_WORK INSTRUCTIONS:_ Once the line containing "Sports vest with" is reached, copy it and every line after it exactly, to the end of the material, without pictures.

** EXERCISE INPUTS follows **

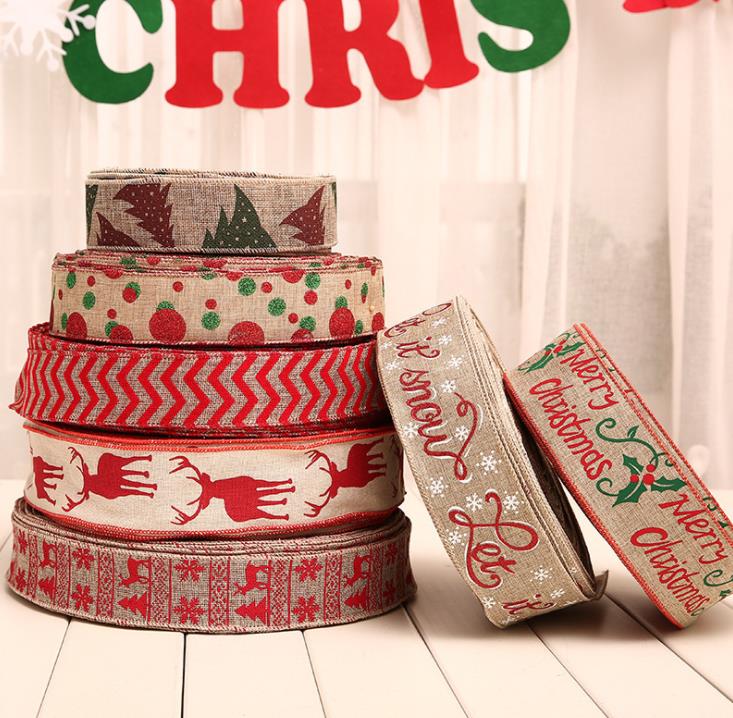 

Burlap Ribbon Christmas Decorations  PCS Wave Dot Printed Ribbons-Christmas Tree Ornament Gifts Boxes Bow-knot Ribbons Xmas Decor SN5720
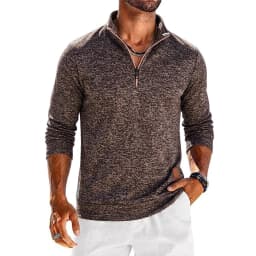 Mens Long Sleeve Quarter Zip Sweatshirt Solid Color Casual Pullover Tops Zip Up Hoodies for Daily and Outdoor Activities Tops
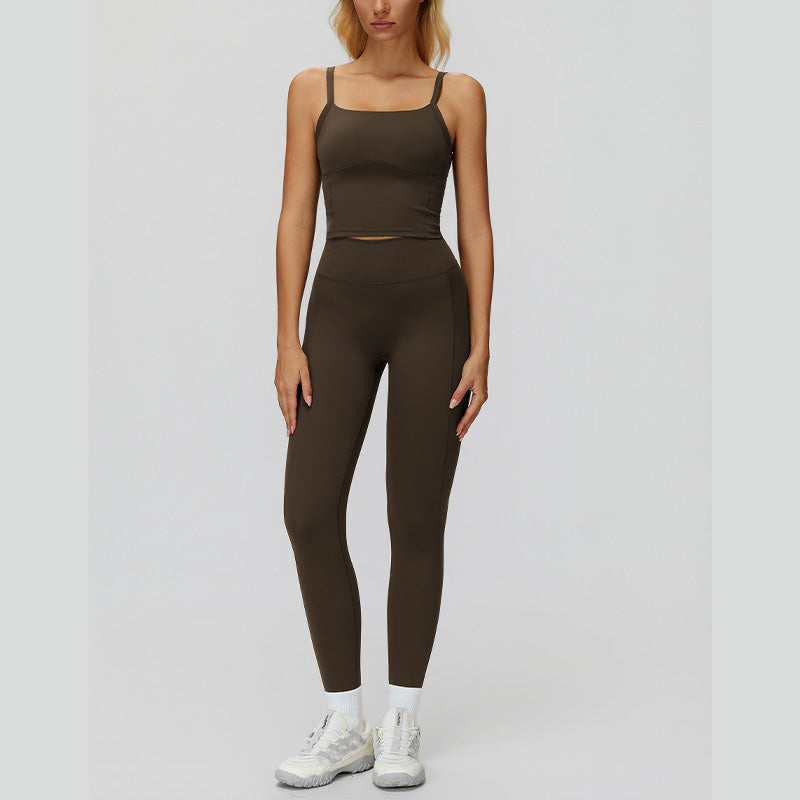 Sports vest with U-shaped+High-waisted slim-fit leggings 2-piece set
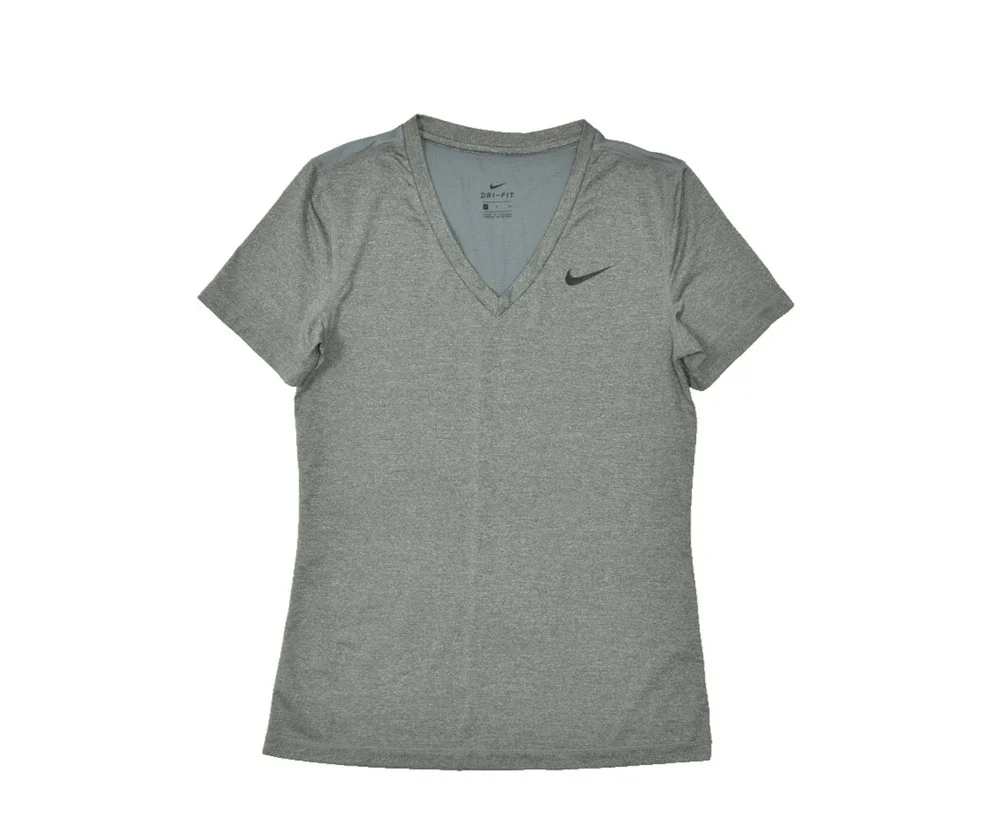 Nike Dri-Fit Women's Small Gray V-Neck Short Sleeve Athletic Training T-Shirt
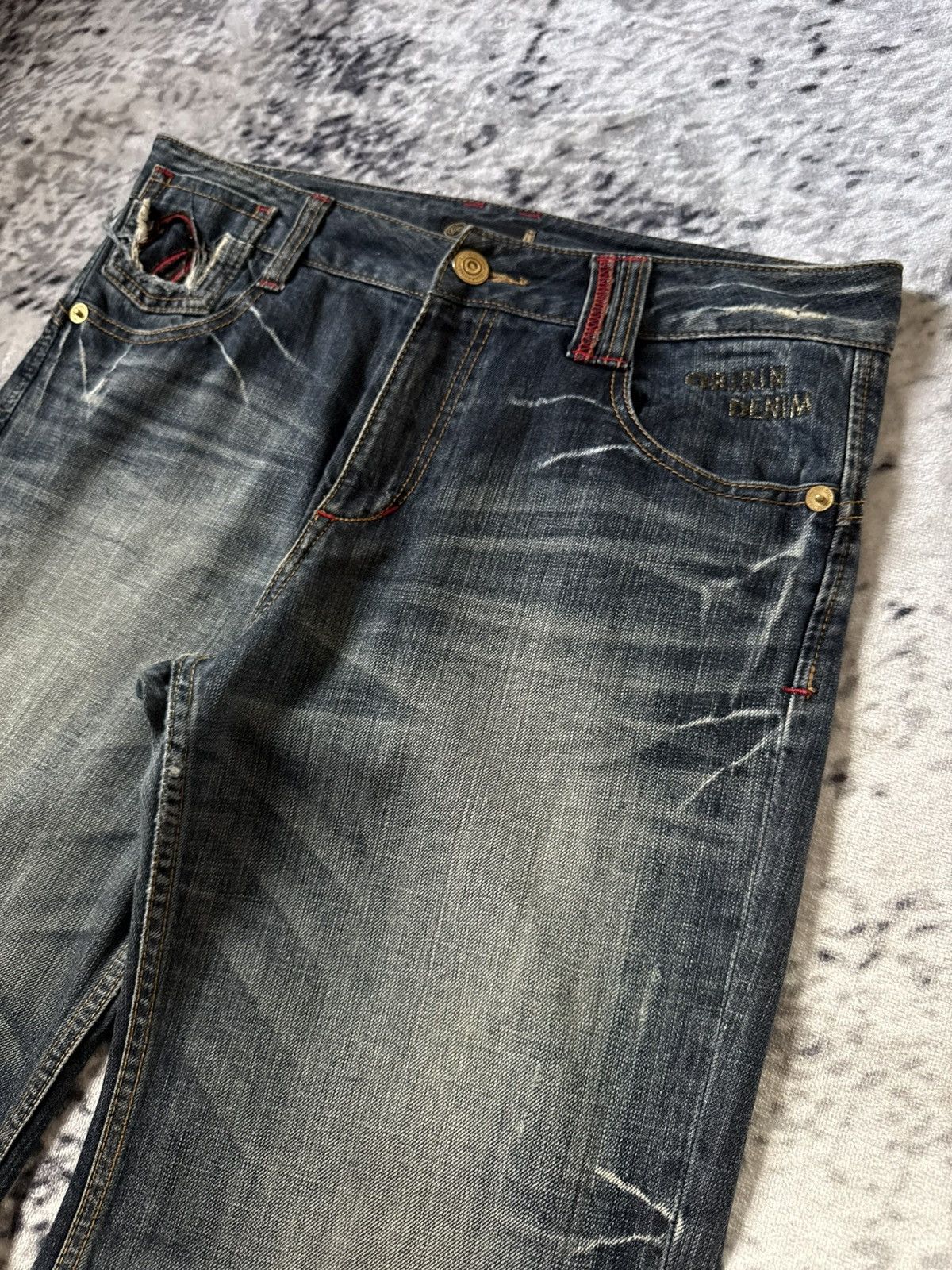 Japanese Brand Oririn Dr Denim Embroidered Flared Wide Leg Jeans Size US 34 / EU 50 - 14 Thumbnail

** End of EXERCISE INPUTS **

_ANSWER BELOW:_
 Sports vest with U-shaped+High-waisted slim-fit leggings 2-piece set
 Nike Dri-Fit Women's Small Gray V-Neck Short Sleeve Athletic Training T-Shirt
 Japanese Brand Oririn Dr Denim Embroidered Flared Wide Leg Jeans Size US 34 / EU 50 - 14 Thumbnail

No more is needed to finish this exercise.